Supplier industries have a key role to play, including adopting a technology leadership role. Contrary to high-end niche channels, mass-market consumers expect products to be sustainably produced at parity cost. Collaboration between different stakeholders in the supply chain should lead the way to manage costs in the transition phase as sustainability moves from niche to a more mass-market sustainable economy.
Bill Guyton: The ingredients industry is interested in win-win opportunities in regards to measures such as waste recycling, green energy, replanting and traceability. As technologies are created that lower the costs of these activities, company adoption rates will rise.
Tracey Rogers: Everyone has a part to play in operating sustainably, no matter the size or scale of their business. It’s irrelevant whether the action is big or small as long as we’re all trying. We have a saying at Unilever Food Solutions that small actions can add up to a big difference. This is why we launched our series of free resources, designed specifically for chefs and the foodservice business, to help them operate more effectively and sustainably.
5. Who are the key players in the consumer products market and how do their strategies differ?
Raymond Winger: In the main, there are branded players and private labels (i.e. supermarkets). Big manufacturers make their own products, control their own brand, and tend to combine cost and quality seriously. Retailers use contract manufacturers and have little quality control over the production process, as they almost always purchase on price, not quality.

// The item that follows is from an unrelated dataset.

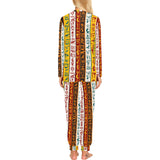 Egypt Hieroglyphics Pattern Print Design 01 Women's All Over Print Pajama Set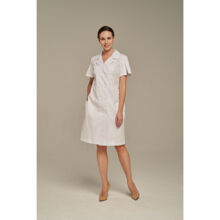 Халат женский Dr. Nice двубортный, белый, 46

Karin Nielsen: The key players are retail and CPG manufacturers. Retailers need to look at consumer attitudes to product demands (and thereby ingredients), such as more rigorous biochemical controls for origin and composition traceability; their own infrastructure in the market related to fuel carbon footprints; and packaging issues such as carbon footprint and recycling.
The other issue is the consumer communication on product value and quality, and how this reflects the product price. This is more or less a 180° turnaround on market communication, which is a huge challenge in all markets affected by the economic downturn.
While brands are technically improving their sustainability credentials, retailers’ procurement and marketing departments are not as involved as perhaps they should be, outside of the fair trade/organic arena. Large retailers that are formulating policies and actively pursuing this include Albert Heijn, Casino, Intermarché, Metro, Sainsbury’s and Tesco.
However, low-cost retail stores such as Wal-Mart may be where the big change in terms of broader retail effort could come from. For example, this year MBA candidates at the University of South Carolina are starting to scrutinise the retail giant through case studies on its environmental efforts.
Michele Kellerhals: Most large CPG companies are basing sustainability efforts on far-reaching corporate programmes, which go way beyond traditional corporate responsibility. The Coca-Cola ‘Live Positively’ programme, for example, broadly encompasses all aspects of our business such as people, planet and products. Other, smaller, niche players are emerging who are designing sustainable products and supply chains – product ingredients are an important element.
6. Is product sustainability becoming more of an issue for consumers?
Gert Huijberts: There is definitely a growing demographic of shoppers interested in organically grown or sustainably developed products. We introduced an organic variety of Heinz ketchup 15 years ago, and that has been doing very well. But it would be wrong to say that everybody is interested in sustainability – many shoppers are motivated by other factors, such as price.
So overall, although awareness and interest in sustainability is far from ubiquitous among shoppers, it is definitely on the rise. We are a consumer-driven organisation – sustainability is as much a part of our future as it is our customers’.